Made a starter the next year after the trade of K.C.-playalike Gerald Henderson, Ainge blossomed into an All-Star under Jones. Fitch had undermined the major league baseball washout’s offensive confidence and used him primarily as a defender.

“When Bill Fitch was here, I don’t think he thought I was a very good player,” said Danny in the official 1986 NBA Finals film.

K.C. and Boston beat Houston 4-2 in a series that was not as close as that score indicates. Three of the Boston wins were blowouts, and the game three Rocket win with Houston down 2-0 was a nailbiter marred by a late inadvertent whistle that cost Boston.

Anyway, when I re-watched the end of the game six thrashing Boston gave Houston in the Garden to clinch their 16th title, I noticed something Jones did that was a clear dig at Fitch.

Out of all five starters, he removed Ainge last from the clincher as the team celebrated its 16th banner-winner. Not Bird, McHale, DJ or Robert Parish, but Ainge, the clear fifth wheel.

Jones let Danny enjoy the title longer on court because he knew Fitch had disrespected Ainge as a player. Danny rewarded him by playing very well in those Finals.

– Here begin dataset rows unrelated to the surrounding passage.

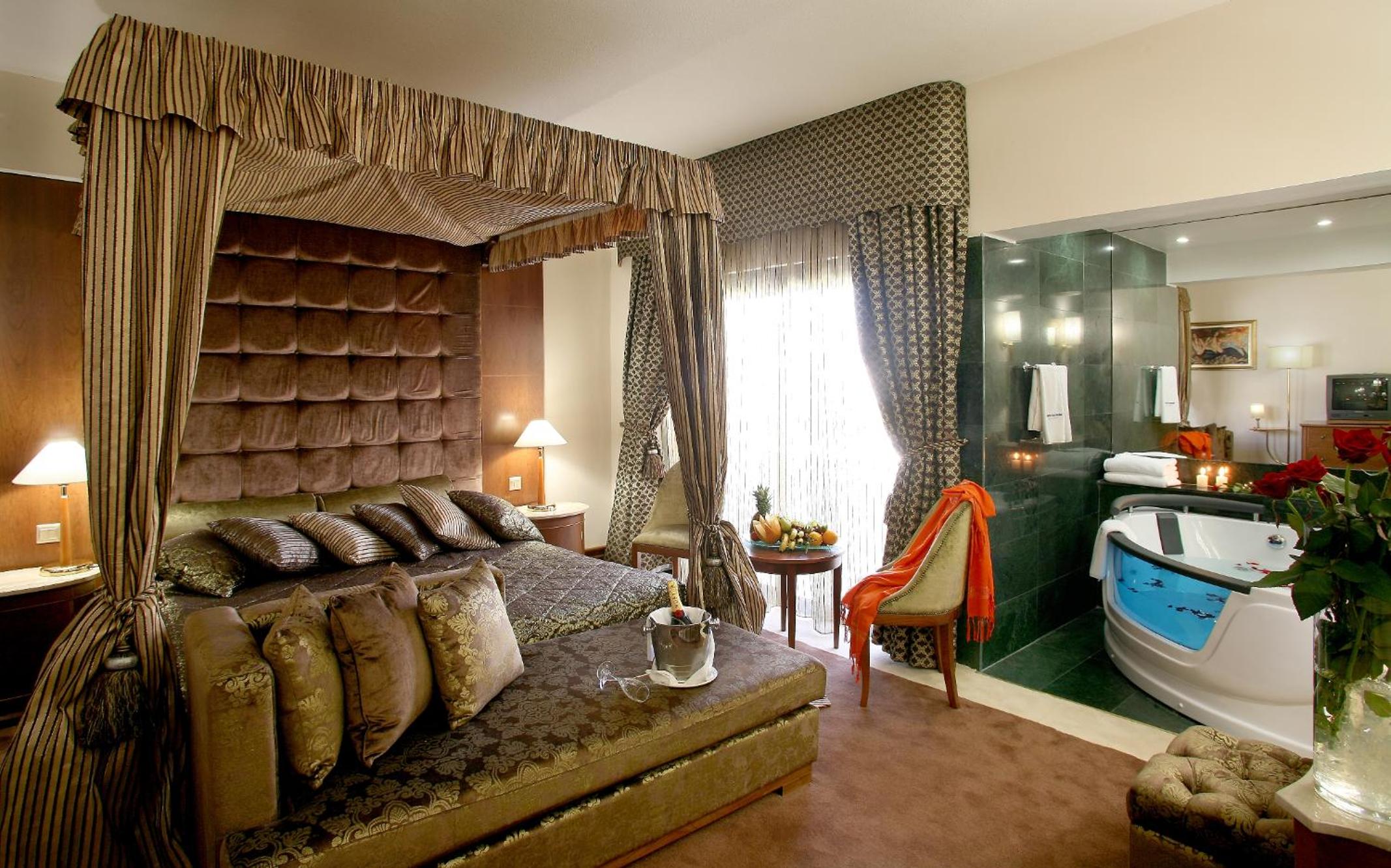 Honeymoon Suite - Photo 1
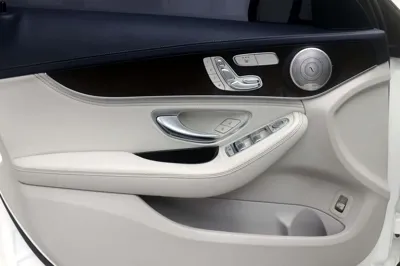 Mercedes-Benz C-Class 2015, 76300 км, за 12230.65 USD - фото 16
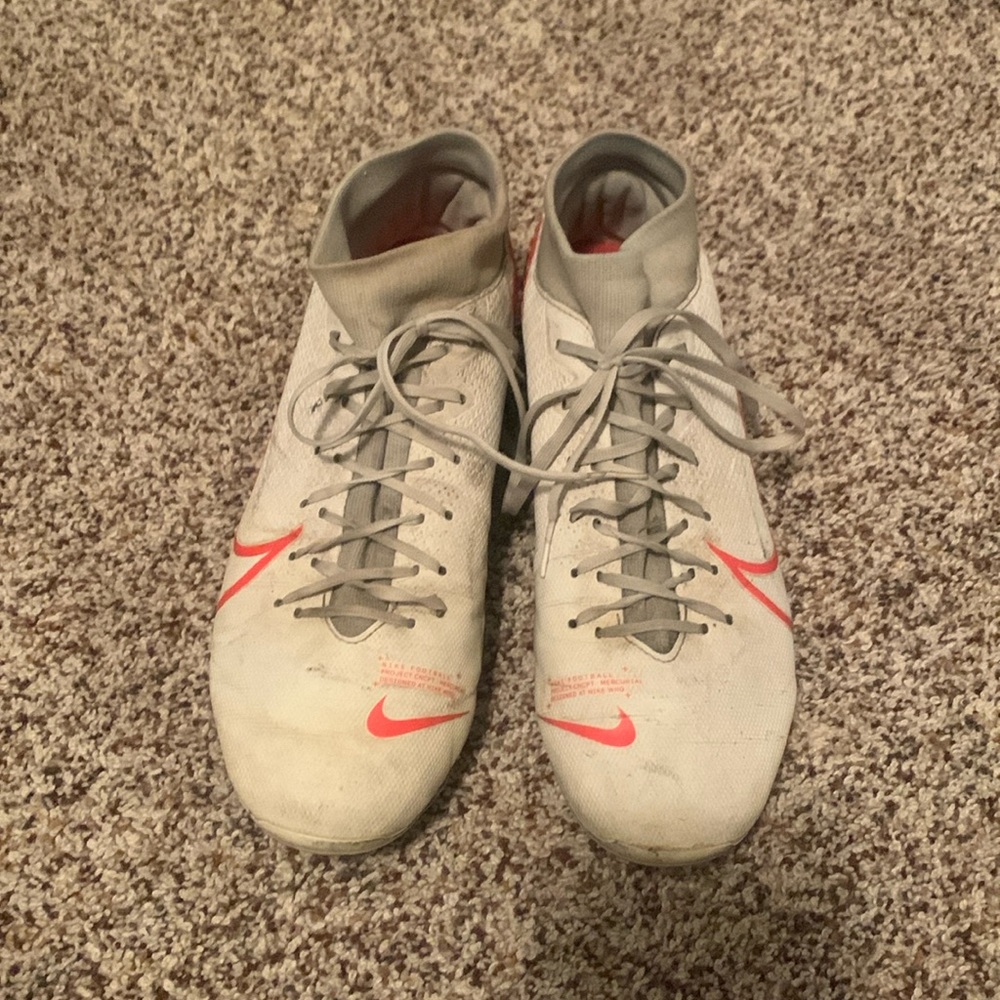 Women’s soccer cleats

K.C. did little things like that which went largely unnoticed and unreported. But those type of actions inspire loyalty and I am sure Ainge has never forgotten it.

To be honest, as the most diehard of Celtic fans during the Bird era, I always thought K.C. got out-coached by Pat Riley in the two memorable Finals that Boston lost to LA.

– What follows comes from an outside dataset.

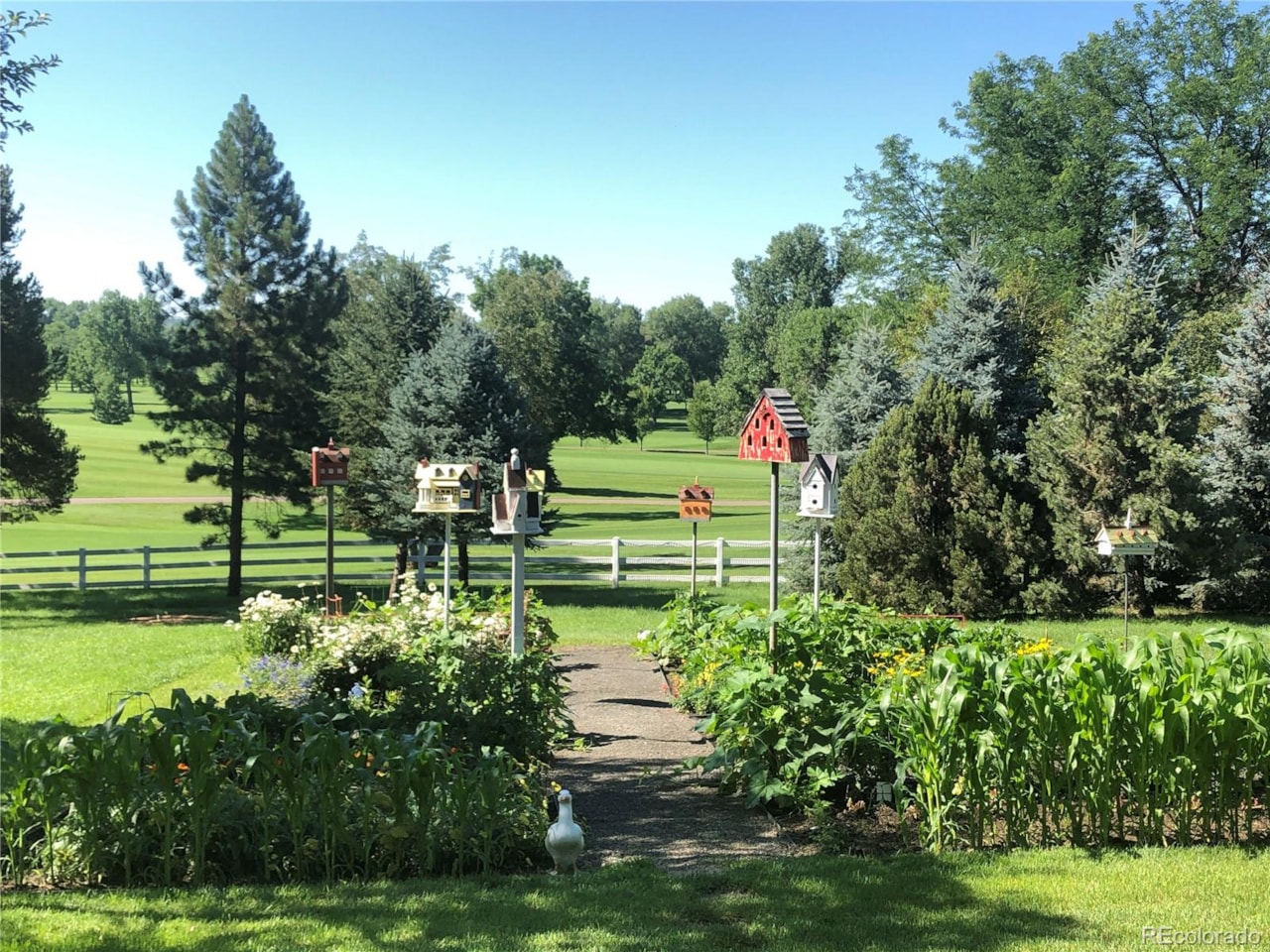 11 Cherry Hills Dr Cherry Hills Country Club A once-in-a-generation opportunity to own one of Cherry Hills Village's most extraordinary estates.... Cherry Hills Village Arapahoe CO 80113 7360325 home for sale $11,950,000 7360325 Photo 19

Like K.C., Riley was a fine athlete and a real scrapper, a good defender. Pat also was drafted by the NFL, picked by the Dallas Cowboys.

Jones even coached Riley (West’s roommate and backup) when he served as an assistant coach for Los Angeles in the 1971-72 title season under former Celtic teammate Bill Sharman.

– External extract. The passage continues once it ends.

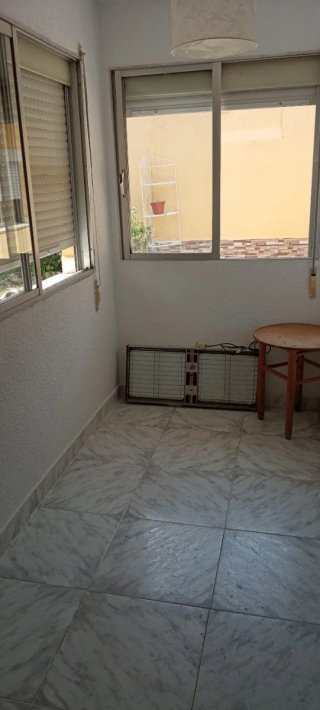 5 Ventanas Aluminio con Persiana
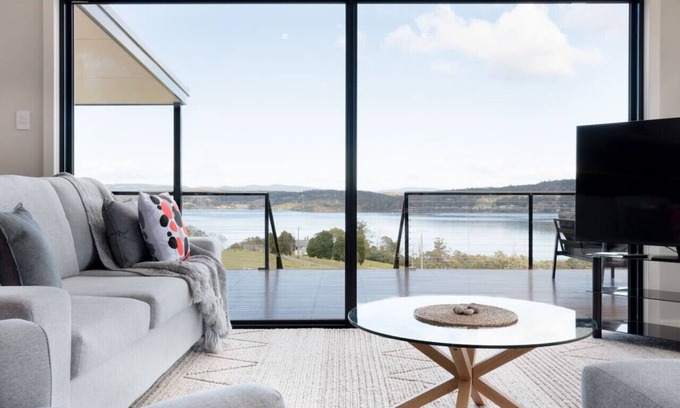 Hillwood House | WedgeTail - Stunning River Views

“They hired the (bleeping) Celtics,” complained West to a freind on the phone when he heard Sharman had been hired to coach Los Angeles. Sharman had just coached the Utah Stars to the 1971 ABA championship and would go on to become the first man to coach champs in three pro leagues (the ABL in 1962 with Cleveland under young owner George Steinbrenner was the other club).

The two former Celtic Californian guards teamed up to lead LA to that first title in LA, a still-record 33-game win streak and a 69-13 record. When the franchise finally won that elusive ring in Los Angeles on their eighth try at the Finals, Jerry West embraced his former defensive nemesis, K.C. Jones.

Almost a decade later, Riley took over as head coach of the Lakers and staged three memorable Finals showdowns aginst K.C. and the Celtics from 1984-87.

Riley was a better strategist, a flashier dresser and slicker. But he also was less dignified than Jones. K.C. got his players to play well, hard and unselfishly by appealing to them and treating them as men and competitors, like he had been as a player.

K.C. did not stoop to Pat’s level of manipulating the officials through the media, didn’t whine about LA’s dirty play - which was unreported but as bad or worse than the Celtics’ supposed rough style. He didn’t use the myriad injuries or tougher East as excuses in the battle of attrition that is the NBA playoffs.

One quote he made in a post-game press conference - I think it was after a game 2 blowout loss at LA in the 1987 Finals - struck me as how insightful Jones could be.

“They just took our legs and our minds away,” he said, refusing to admit or agree that injuries and fatigue beat Boston, when he easily could have.

The more I thought about it, he was right. They had mentally intimidated the weary Celtics, along with their crowd. Michael Cooper had hit six three-pointers as I recall, and Boston was so tired and injured they had done all they could just to reach those Finals.

After another loss in the series he started to try and analyze the defeat, but then simply said, “ah hell, they just played better than we did.” How many coaches are honest, ego-less and blunt enough to say that and not make excuses, especially in an NBA Finals? Few, if any.

Yet the bruised and battered 1987 Celtics grinded through two grueling seven-game series wins over Milwaukee and Detroit in just 26 days just to rach the Finals. K.C.’s mom died durign the Piston series and he missed game six to attend her fineral, then flew back all night to re-join the team for game 7 in Boston - which they won.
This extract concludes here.